Espresso is Out-of-Order-Execution in comparison Xenon and Cell are In-Order-Execution
"The key concept of OoOE processing is to allow the processor to avoid a class of stalls that occur when the data needed to perform an operation are unavailable. In the outline above, the OoOE processor avoids the stall that occurs in step (2) of the in-order processor when the instruction is not completely ready to be processed due to missing data.
OoOE processors fill these "slots" in time with other instructions that are ready, then re-order the results at the end to make it appear that the instructions were processed as normal.
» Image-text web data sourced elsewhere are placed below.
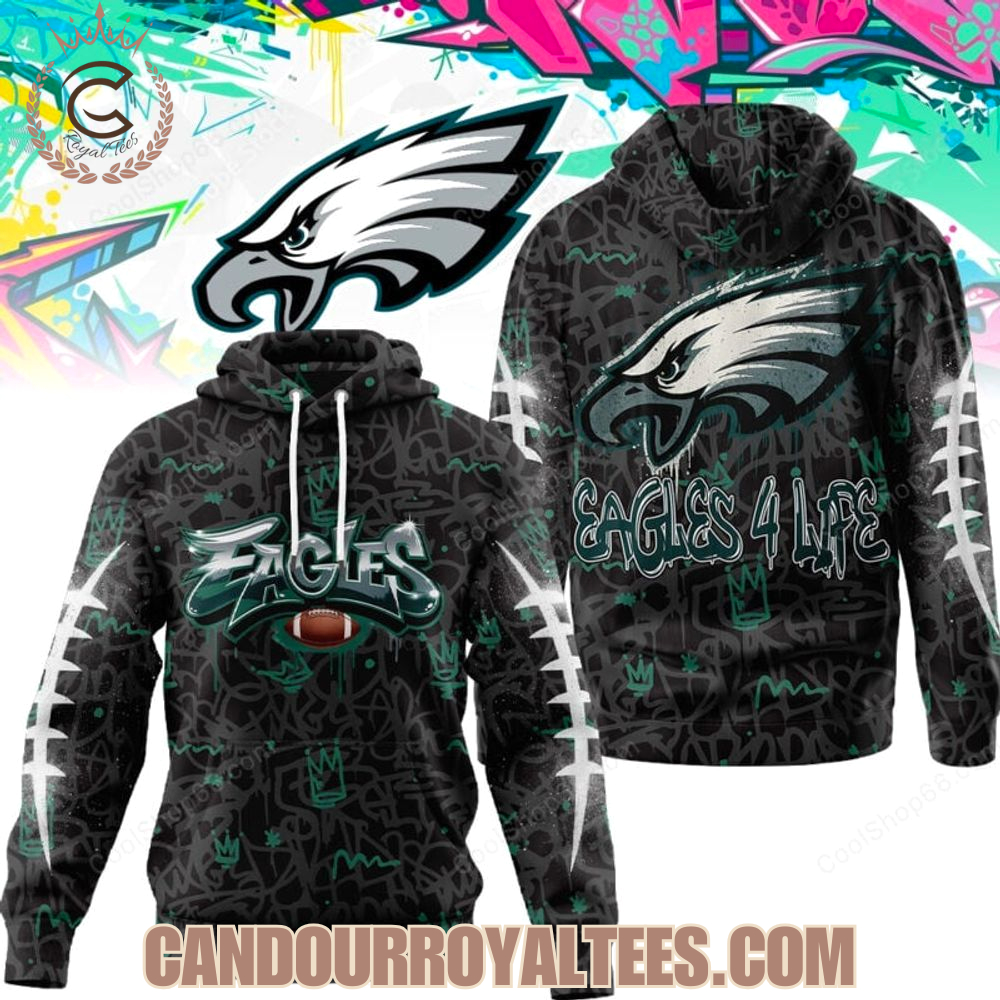 Philadelphia Eagles Graffiti For Life Design Shirts Philadelphia Eagles Graffiti For Life Design Shirts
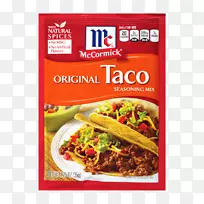 Taco香料混合麦考密克&公司调味料克罗格盐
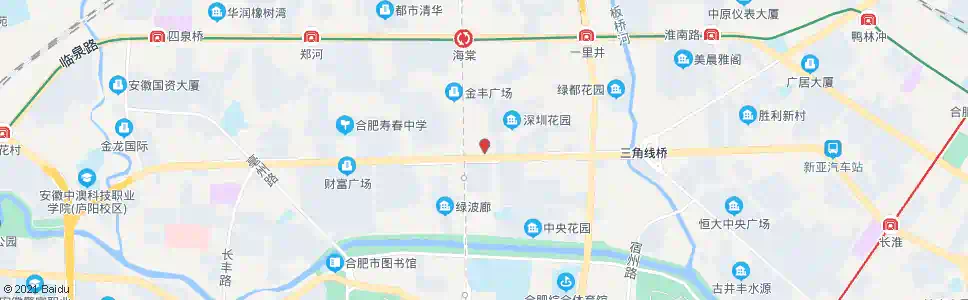 六安路桥一处_公交站地图_六安公交_妙搜公交查询2024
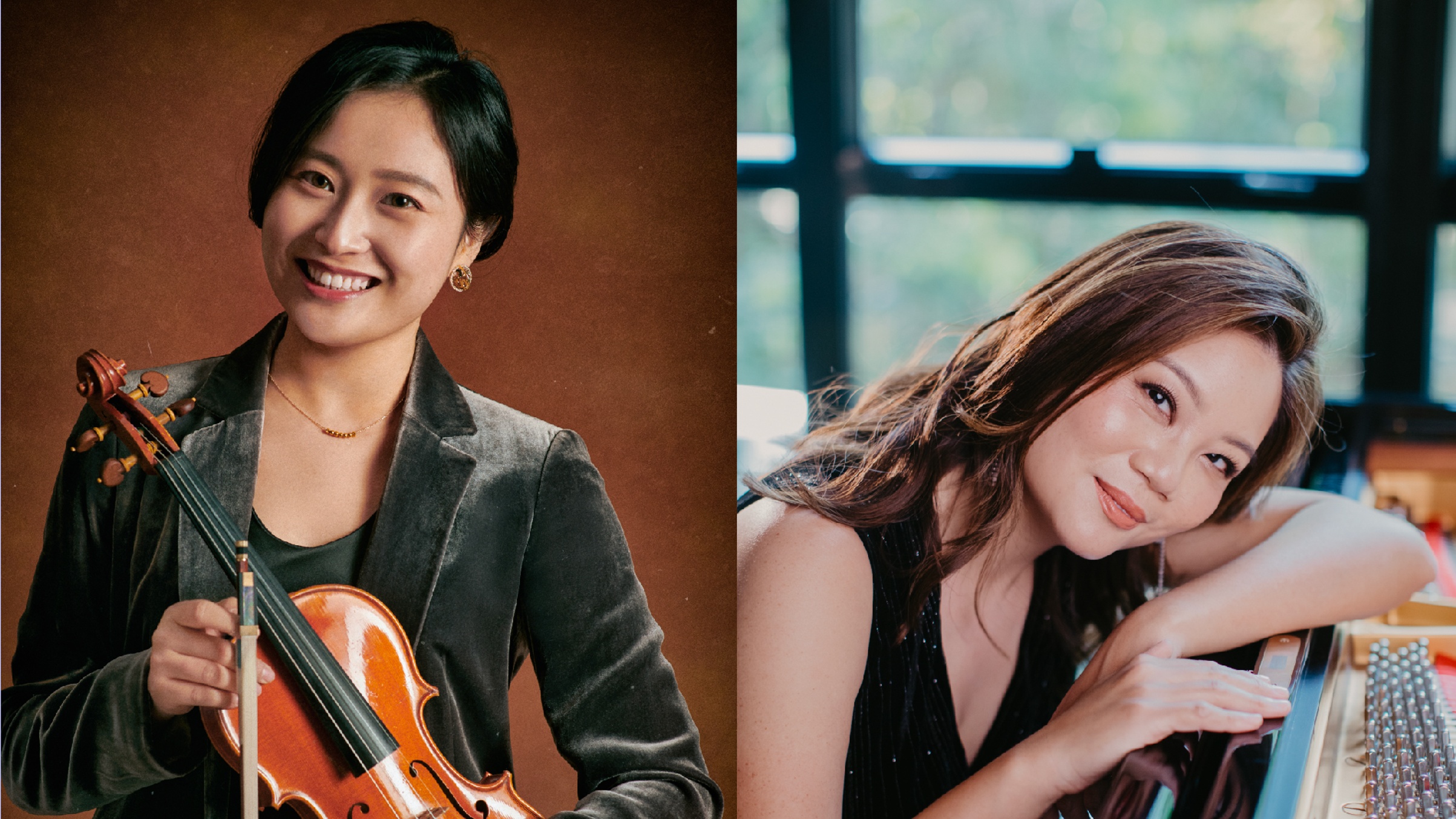 KONG Ling-Yi & Jacqueline LEUNG – Violin and Piano Duo Concert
The way the instructions are ordered in the original computer code is known as program order, in the processor they are handled in data order, the order in which the data, operands, become available in the processor's registers. Fairly complex circuitry is needed to convert from one ordering to the other and maintain a logical ordering of the output; the processor itself runs the instructions in seemingly random order.
The benefit of OoOE processing grows as the instruction pipeline deepens and the speed difference between main memory(or cache memory) and the processor widens. On modern machines, the processor runs many times faster than the memory, so during the time an in-order processor spends waiting for data to arrive, it could have processed a large number of instructions."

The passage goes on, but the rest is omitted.